# how many watts= MPH?



## deadleg

So I weigh about 150, 5' 6", standard road bike. On a flat road, no wind, approximately how many watts to go 20 MPH? 25 MPH?
I am just curious, too cheap for a power meter at this time. I amstarting training for a time trial.


----------



## asgelle

deadleg said:


> So I weigh about 150, 5' 6", standard road bike. On a flat road, no wind, approximately how many watts to go 20 MPH? 25 MPH?
> I am just curious, too cheap for a power meter at this time. I amstarting training for a time trial.


Analytic Cycling, Interactive Methods for Estimating Cycling Performance Parameters. Tom Compton


----------



## Kerry Irons

*Some numbers*



deadleg said:


> So I weigh about 150, 5' 6", standard road bike. On a flat road, no wind, approximately how many watts to go 20 MPH? 25 MPH? I am just curious, too cheap for a power meter at this time. I am starting training for a time trial.


As asgelle noted, analyticcycling.com is your source for quality power calculations. Of course you can only estimate your drag numbers, but for a general reference, you're at about 170 watts at 20 mph, and 300 watts at 25 mph.


----------



## dmong2

As a rider who recently started training with power...there is no substitute. You can actually ride faster right away because you are able to use your effort so much more efficiently. You can't comprehend how much energy is wasted by accelerating too hard too fast or using too much effort up a short hill. Riding at a prescribed watt allows no waste. 

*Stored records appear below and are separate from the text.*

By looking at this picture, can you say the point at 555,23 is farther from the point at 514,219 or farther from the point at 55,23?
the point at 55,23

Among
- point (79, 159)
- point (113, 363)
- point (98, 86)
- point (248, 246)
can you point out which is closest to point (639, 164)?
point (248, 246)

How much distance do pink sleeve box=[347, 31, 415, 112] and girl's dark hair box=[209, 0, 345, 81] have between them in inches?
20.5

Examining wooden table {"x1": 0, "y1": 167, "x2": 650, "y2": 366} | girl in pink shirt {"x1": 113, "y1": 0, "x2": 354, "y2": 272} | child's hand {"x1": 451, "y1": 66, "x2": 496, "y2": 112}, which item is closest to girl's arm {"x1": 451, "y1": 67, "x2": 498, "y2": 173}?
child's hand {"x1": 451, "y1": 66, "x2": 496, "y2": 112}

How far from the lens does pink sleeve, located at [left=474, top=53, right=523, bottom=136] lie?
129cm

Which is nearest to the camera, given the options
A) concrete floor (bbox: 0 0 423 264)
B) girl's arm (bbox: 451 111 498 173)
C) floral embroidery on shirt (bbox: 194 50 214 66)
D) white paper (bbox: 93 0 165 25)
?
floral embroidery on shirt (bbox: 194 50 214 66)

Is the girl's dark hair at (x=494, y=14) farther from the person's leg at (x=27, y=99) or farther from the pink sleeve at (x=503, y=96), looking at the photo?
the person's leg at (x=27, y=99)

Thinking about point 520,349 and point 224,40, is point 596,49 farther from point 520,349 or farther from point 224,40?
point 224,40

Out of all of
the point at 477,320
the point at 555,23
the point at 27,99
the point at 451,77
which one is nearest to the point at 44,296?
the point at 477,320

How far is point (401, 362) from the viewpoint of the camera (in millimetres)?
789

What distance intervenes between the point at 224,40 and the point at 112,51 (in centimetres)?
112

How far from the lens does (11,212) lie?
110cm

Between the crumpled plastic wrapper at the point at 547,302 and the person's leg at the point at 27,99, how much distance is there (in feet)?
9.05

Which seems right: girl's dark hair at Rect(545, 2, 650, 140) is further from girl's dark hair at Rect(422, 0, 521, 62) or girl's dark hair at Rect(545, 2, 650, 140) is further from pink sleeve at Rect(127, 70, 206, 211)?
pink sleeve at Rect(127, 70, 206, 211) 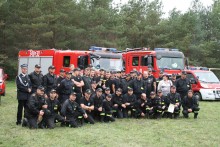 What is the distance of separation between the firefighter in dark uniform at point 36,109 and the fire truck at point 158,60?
322 inches

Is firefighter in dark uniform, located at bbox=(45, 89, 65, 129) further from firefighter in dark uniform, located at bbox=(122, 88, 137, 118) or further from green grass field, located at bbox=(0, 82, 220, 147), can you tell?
firefighter in dark uniform, located at bbox=(122, 88, 137, 118)

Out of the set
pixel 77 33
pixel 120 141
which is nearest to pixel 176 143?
pixel 120 141

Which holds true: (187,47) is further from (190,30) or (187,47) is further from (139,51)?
(139,51)

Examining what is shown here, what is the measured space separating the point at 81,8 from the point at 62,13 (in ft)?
8.45

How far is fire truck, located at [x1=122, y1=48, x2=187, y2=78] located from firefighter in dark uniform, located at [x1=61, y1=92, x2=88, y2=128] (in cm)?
730

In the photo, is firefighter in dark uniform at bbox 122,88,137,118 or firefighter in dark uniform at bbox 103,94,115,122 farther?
firefighter in dark uniform at bbox 122,88,137,118

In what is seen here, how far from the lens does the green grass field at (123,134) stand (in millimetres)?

As far as trying to recreate that with MPH, I don't think it's possible. I used to believe it was, but I don't any more. 

20 mph at 170 watts...too hard to say, too many variables. It sounds plausible, but if you are off just a tad (RPE) it can translate to big differences in watts. 

Best alternative? Find someone you can ride with who has a powermeter. Ride next to them at a prescribed watt for 20 minutes or so and try to assign perceived exertion. I think that might actually be more accurate than using speed, because there is no flat, windless roads.


----------



## pretender

dmong2 said:


> You can't comprehend how much energy is wasted by accelerating too hard too fast or using too much effort up a short hill. Riding at a prescribed watt allows no waste.


Riding at constant wattage is highly inefficient.


----------



## spade2you

dmong2 said:


> Best alternative? Find someone you can ride with who has a powermeter. Ride next to them at a prescribed watt for 20 minutes or so and try to assign perceived exertion. I think that might actually be more accurate than using speed, because there is no flat, windless roads.


Provided you weigh the same weight and have the same aerodynamic drag. A friend of mine's cruising power is significantly higher than mine at the same speed to the point where his zone 2 is high zone 3 to low zone 4 for me.


----------



## Poncharelli

~25 mph at 260W is what I calculated from analytic cycling, for my weight on flat road. (damn conversion factors)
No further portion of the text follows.